== Data excerpt ==
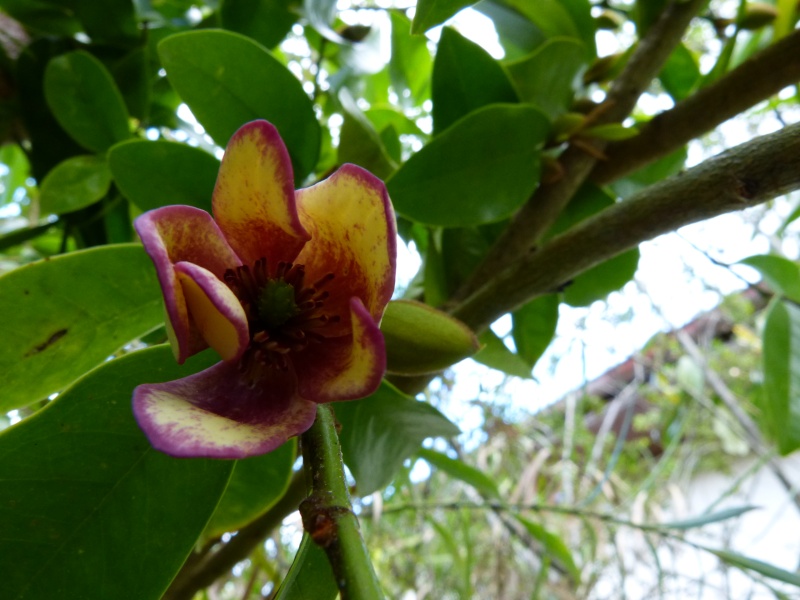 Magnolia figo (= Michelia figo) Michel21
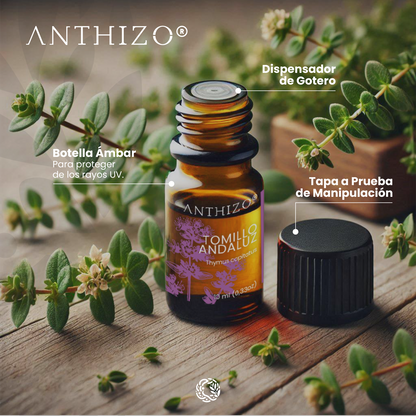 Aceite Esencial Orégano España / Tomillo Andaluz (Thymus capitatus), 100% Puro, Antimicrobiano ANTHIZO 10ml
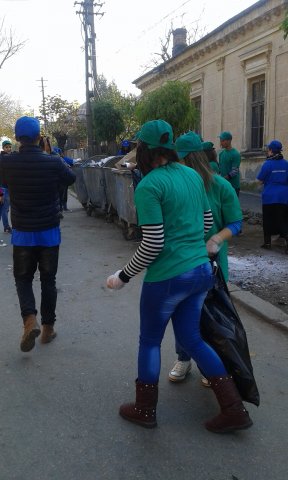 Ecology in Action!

== Work request ==
Transcribe each line above exactly, pictures excluded.

== Answer for this exercise ==
 Magnolia figo (= Michelia figo) Michel21
 Aceite Esencial Orégano España / Tomillo Andaluz (Thymus capitatus), 100% Puro, Antimicrobiano ANTHIZO 10ml
 Ecology in Action!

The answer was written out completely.